Some of the footage has never been viewed before - digging up all this stuff was part of the delay with this title. You already know about the quality of our films. Direct to DVD via Betacam SP for editing, with no video generation in the transfer process, makes our titles among the "clearest" film footage you'll ever find.
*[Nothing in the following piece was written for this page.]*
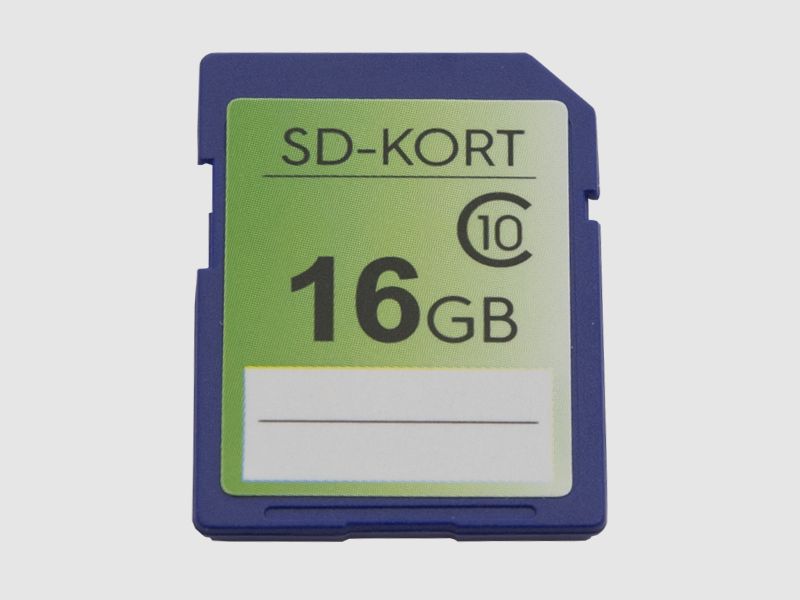 SD-Speicherkarte 16 GB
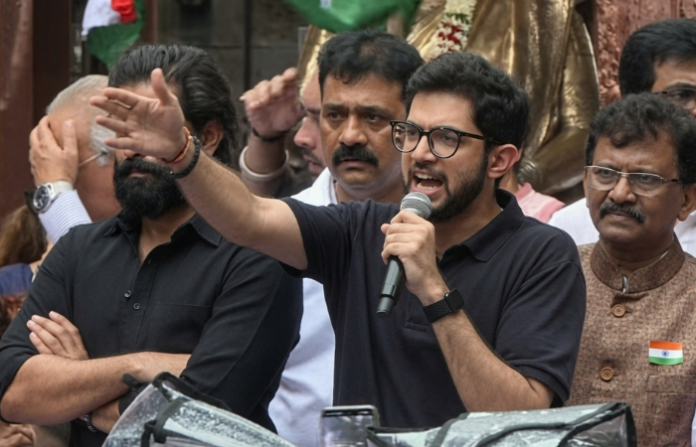 aaditya thackeray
They will start shipping Friday. Place your pre-order here:
Military Aviation DVDs Part III







































Cheers!

Wade


----------



## Soundbreaker Welch? (May 16, 2007)

I like your in your face pilot.

Cool DVD.


----------



## Erich (May 16, 2007)

buy this dvd as well as the new book on the unit coming out soon. the 354th fg is so little known it is unbelieveable as due it is from the 9th AF. Hardly any coverage and now finally here we go with some outstanding footage. The 354th was the top scoring fighter unit in the ETO.

good job Wade !


----------



## chicoartist (May 16, 2007)

Re: the new 354th book - I forgot, when is it due for release? I'll definitely be picking up a copy. 

Wade


----------



## Erich (May 16, 2007)

Wade the book was supposed to be published this spring............ok whatever what that may be ? in any case what you have done with that dvd is going to add in a huge way to what has been already published which is the hard to find "old" group history and Ospreys effort........not much at the moment.

thanks man !

E ~


----------